A number of agreements were sealed with India-based firms to plant six Howard Johnson hotels, one Hawthorn Suites by Wyndham, one Days Inn and four Ramada properties.

Trampert said he foresaw great potential for growth in India, with the group anticipated to sign around “60 hotel deals in total over the next five years”. There are also plans to localise the brands. For instance, unlike the Howard Johnsons in the US, those in India would have an F&B facility.

Wyndham will make its first foray into Indonesia when it opens three Howard Johnsons – one each in Bali, Surabaya and Makassar – and a Ramada in Bali.
Trampert said: “Indonesia is an interesting market in comparison to India, as last year the country drew 7.5 million foreign arrivals compared to India’s 6.2 to 6.3 million.
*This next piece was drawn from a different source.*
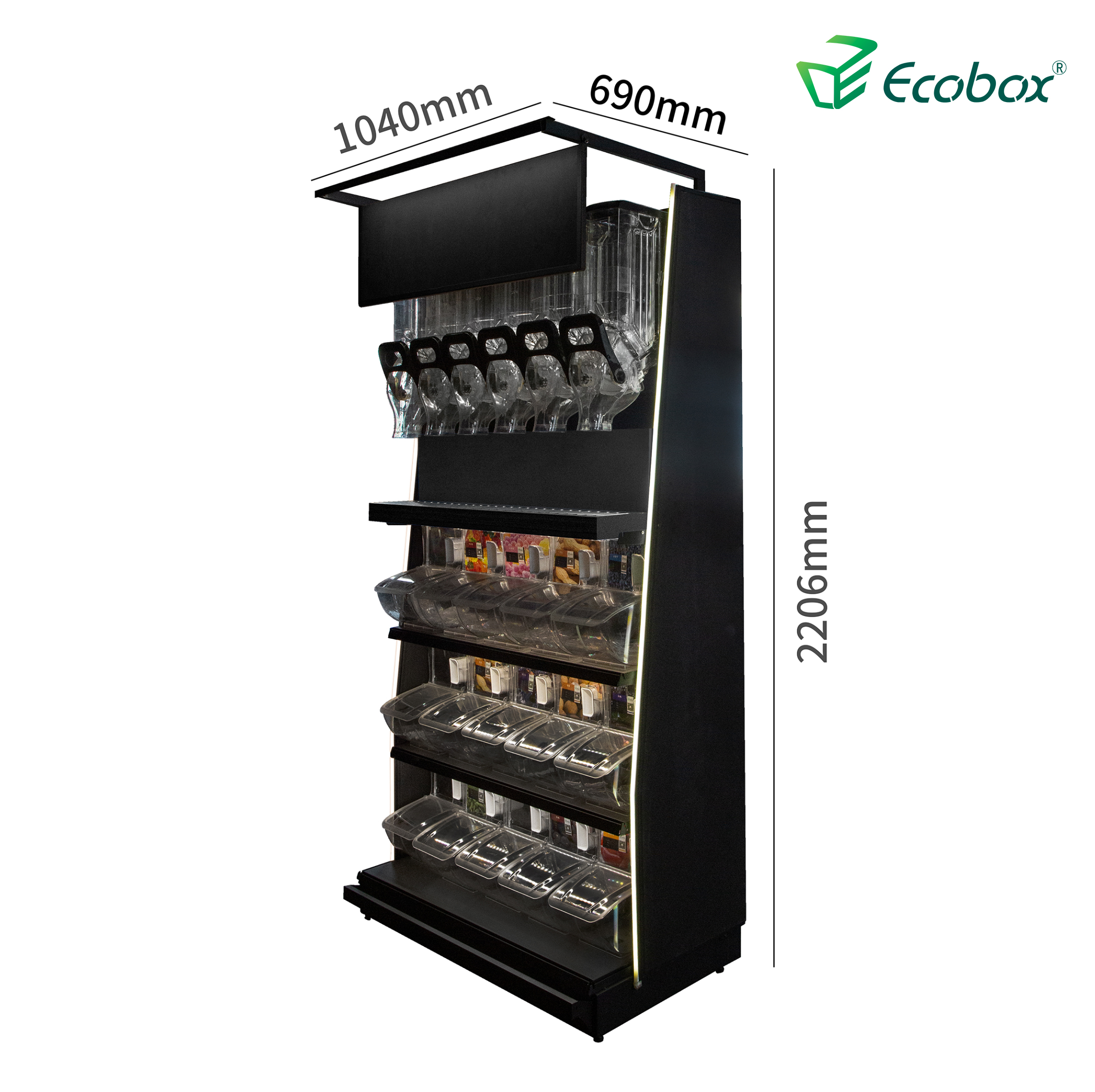 Ecobox TG-0615 Candy nuts display shelf pick n mix solution for bulk merchandising with gravity bin and scoop bins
There’s therefore a great need for more world-class properties to cater to this demand. From a tourism perspective, Indonesia offers tremendous opportunities.”

Meanwhile, Wyndham still intends to augment its presence in China, where it currently has 470 hotels.

In the longer term, Wyndham hopes to make its mark in Indochina, most notably Myanmar and Cambodia.

“These fantastic markets are seeing an influx of foreign investment, but the primary challenge, as in other developing countries, remains the infrastructure. We are not ruling these destinations out, but we are still in the interim stages of working out how we can plant ourselves there,” said Trampert.